The return to medieval jobbing painter model embraces two of the ideas favoured by the more recent art world: conceptual art and participation of the viewer, with a paradigmatical difference. Akin and opposite to the paradigm of “spiritual in art” formulated by W Kandinsky when he preached against “commercial painters” in Munich.
The three painters locate the interaction near to a medieval or renaissance patron with a power to decide, to interfere. The future viewer is entering a simple contract to keep a painting of his choice, delivered for payment. Whereas performance art imposes a hierarchy of the artist’s instructions ( explicit or implicit) relegating the viewer into a bonded obedient subject. paintfor.me and the cauliflower both parties as equal.

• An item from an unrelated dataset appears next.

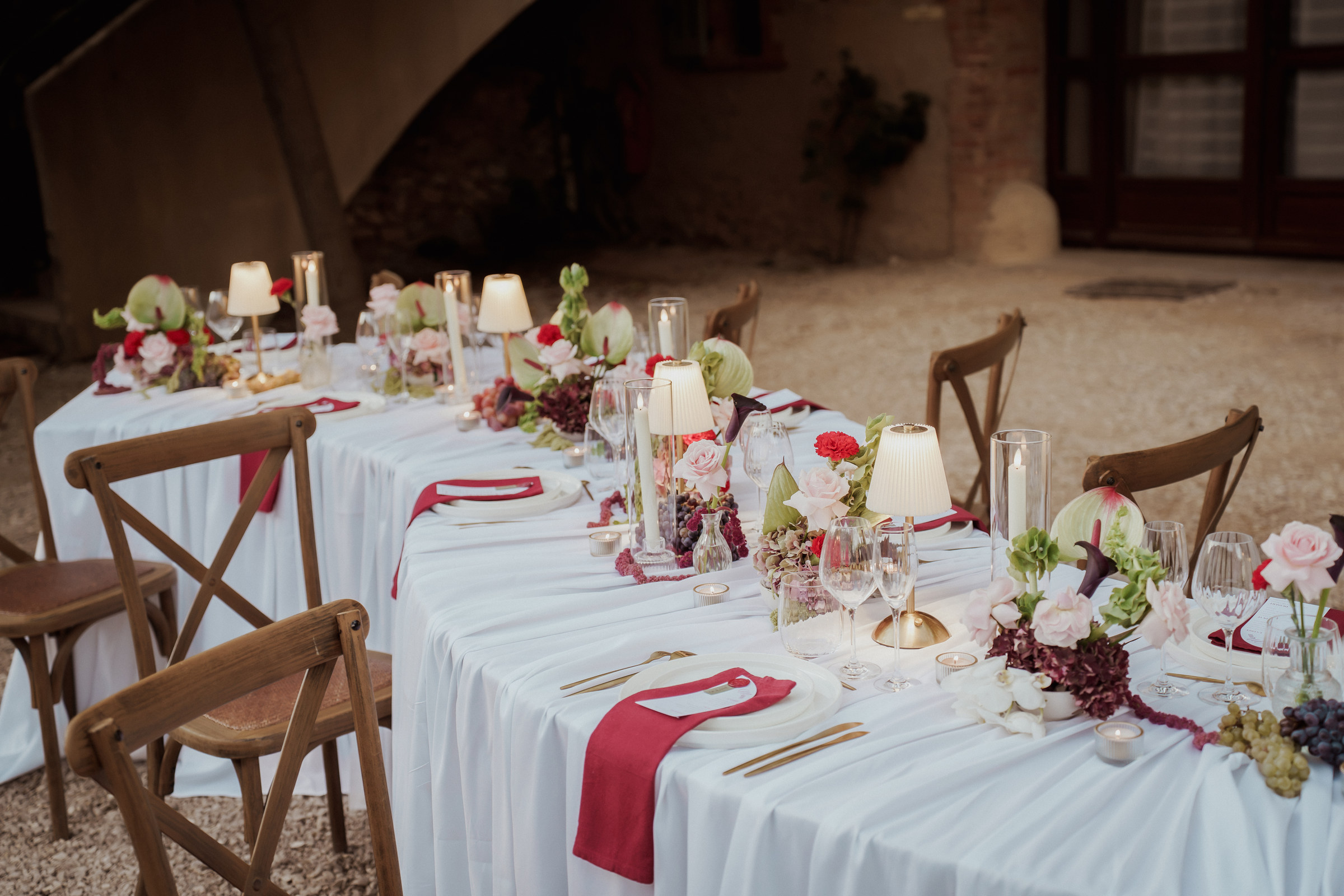 Grande table d'honneur de mariage : nappe blanche, serviettes bordeaux, lampes plissées, bougies, fleurs et grappes de raisin aux Terres Saint-Hilaire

Artist’s creativity has been habitually linked to some magic inspiration – even after Rembrandt placed portraits in the Nightwatch (1642) according to payment he received,
or after Quido Reni reduced the number of figures in the Massacre of the Innocents, 1611, because the patron refused to pay for more than seven full length figures.
FitzGerald and Duff increase both the level and intensity of exchange between the consumer and the painter by mimicking an established mode of business exchange between a maker, who is a seller, and consumer who is also a patron with a control over intention, subject matter, style, autorship and ownership. The painters by giving up control over particular subject matter and particular intention obey the agreement : you send a photograph or jpeg of your house, you decide which of the two should paint it, and that’s what happens.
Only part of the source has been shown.